* **REQUIRED WORK**:
For the material below, return exactly the lines starting at the line containing "By Waystar Agro Pvt Ltd" and ending at the line containing "Bonsai A Beautiful", both ends included, and no others.

* **EXTRACTED ENTRIES**:
BEGIN

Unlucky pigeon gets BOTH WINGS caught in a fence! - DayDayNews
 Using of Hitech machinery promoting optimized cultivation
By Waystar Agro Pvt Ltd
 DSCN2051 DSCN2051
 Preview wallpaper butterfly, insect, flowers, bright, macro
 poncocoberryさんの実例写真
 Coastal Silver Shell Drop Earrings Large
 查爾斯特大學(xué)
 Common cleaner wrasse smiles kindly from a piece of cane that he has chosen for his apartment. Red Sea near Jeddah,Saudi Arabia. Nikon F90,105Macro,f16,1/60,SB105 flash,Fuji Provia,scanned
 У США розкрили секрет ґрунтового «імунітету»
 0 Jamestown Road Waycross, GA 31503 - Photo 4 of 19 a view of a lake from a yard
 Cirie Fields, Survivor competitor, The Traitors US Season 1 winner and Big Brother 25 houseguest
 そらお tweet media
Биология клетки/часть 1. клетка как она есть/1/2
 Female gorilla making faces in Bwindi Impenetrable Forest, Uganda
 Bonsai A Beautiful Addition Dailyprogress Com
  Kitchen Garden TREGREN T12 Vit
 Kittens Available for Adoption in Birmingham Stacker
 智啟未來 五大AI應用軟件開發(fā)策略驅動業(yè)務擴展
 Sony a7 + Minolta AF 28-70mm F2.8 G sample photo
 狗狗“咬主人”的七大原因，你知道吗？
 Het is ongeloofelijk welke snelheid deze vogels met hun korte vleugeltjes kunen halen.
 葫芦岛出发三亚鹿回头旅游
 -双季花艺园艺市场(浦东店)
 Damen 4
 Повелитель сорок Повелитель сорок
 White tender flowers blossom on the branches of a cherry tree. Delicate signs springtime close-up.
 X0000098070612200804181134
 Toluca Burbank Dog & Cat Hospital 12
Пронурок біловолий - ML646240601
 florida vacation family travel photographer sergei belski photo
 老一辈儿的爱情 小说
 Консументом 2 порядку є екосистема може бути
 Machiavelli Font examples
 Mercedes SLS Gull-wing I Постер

END

* **EXERCISE OUTPUT**:
By Waystar Agro Pvt Ltd
 DSCN2051 DSCN2051
 Preview wallpaper butterfly, insect, flowers, bright, macro
 poncocoberryさんの実例写真
 Coastal Silver Shell Drop Earrings Large
 查爾斯特大學(xué)
 Common cleaner wrasse smiles kindly from a piece of cane that he has chosen for his apartment. Red Sea near Jeddah,Saudi Arabia. Nikon F90,105Macro,f16,1/60,SB105 flash,Fuji Provia,scanned
 У США розкрили секрет ґрунтового «імунітету»
 0 Jamestown Road Waycross, GA 31503 - Photo 4 of 19 a view of a lake from a yard
 Cirie Fields, Survivor competitor, The Traitors US Season 1 winner and Big Brother 25 houseguest
 そらお tweet media
Биология клетки/часть 1. клетка как она есть/1/2
 Female gorilla making faces in Bwindi Impenetrable Forest, Uganda
 Bonsai A Beautiful Addition Dailyprogress Com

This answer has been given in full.